[Scraped caption text data]
============

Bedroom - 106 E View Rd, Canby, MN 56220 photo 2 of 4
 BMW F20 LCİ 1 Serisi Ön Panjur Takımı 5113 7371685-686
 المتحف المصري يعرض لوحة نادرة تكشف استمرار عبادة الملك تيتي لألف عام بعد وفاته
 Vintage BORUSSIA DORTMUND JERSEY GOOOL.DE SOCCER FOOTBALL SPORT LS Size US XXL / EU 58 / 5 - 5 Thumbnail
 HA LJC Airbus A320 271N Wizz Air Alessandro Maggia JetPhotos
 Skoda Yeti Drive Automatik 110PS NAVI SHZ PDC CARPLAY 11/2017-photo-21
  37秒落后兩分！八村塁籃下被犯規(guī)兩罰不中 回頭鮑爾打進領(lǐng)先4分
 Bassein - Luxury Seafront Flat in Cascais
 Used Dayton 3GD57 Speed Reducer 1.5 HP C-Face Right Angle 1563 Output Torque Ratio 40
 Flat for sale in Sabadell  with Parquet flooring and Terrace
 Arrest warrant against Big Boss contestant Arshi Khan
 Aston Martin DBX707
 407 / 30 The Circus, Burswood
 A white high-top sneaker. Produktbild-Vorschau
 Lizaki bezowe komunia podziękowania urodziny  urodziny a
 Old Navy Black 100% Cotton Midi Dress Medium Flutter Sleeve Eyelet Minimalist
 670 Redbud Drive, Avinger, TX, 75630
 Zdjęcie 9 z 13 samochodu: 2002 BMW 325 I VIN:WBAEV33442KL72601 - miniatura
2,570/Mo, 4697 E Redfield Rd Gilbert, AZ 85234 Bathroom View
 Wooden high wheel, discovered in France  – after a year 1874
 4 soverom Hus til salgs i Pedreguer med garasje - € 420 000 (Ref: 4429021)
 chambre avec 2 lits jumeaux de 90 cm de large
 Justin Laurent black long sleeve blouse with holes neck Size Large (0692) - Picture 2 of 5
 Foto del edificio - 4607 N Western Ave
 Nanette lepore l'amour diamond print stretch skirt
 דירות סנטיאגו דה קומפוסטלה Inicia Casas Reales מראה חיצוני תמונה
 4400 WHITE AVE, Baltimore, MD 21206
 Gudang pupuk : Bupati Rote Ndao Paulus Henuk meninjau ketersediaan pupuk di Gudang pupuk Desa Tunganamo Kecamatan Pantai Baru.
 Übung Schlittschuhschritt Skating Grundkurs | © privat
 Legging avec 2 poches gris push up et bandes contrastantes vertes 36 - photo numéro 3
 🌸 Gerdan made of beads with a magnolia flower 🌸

============

■ Problem ■
Beginning at the line above that contains "דירות סנטיאגו דה", return each line exactly through the line that contains "Übung Schlittschuhschritt Skating", and no others.

■ Task response ■
 דירות סנטיאגו דה קומפוסטלה Inicia Casas Reales מראה חיצוני תמונה
 4400 WHITE AVE, Baltimore, MD 21206
 Gudang pupuk : Bupati Rote Ndao Paulus Henuk meninjau ketersediaan pupuk di Gudang pupuk Desa Tunganamo Kecamatan Pantai Baru.
 Übung Schlittschuhschritt Skating Grundkurs | © privat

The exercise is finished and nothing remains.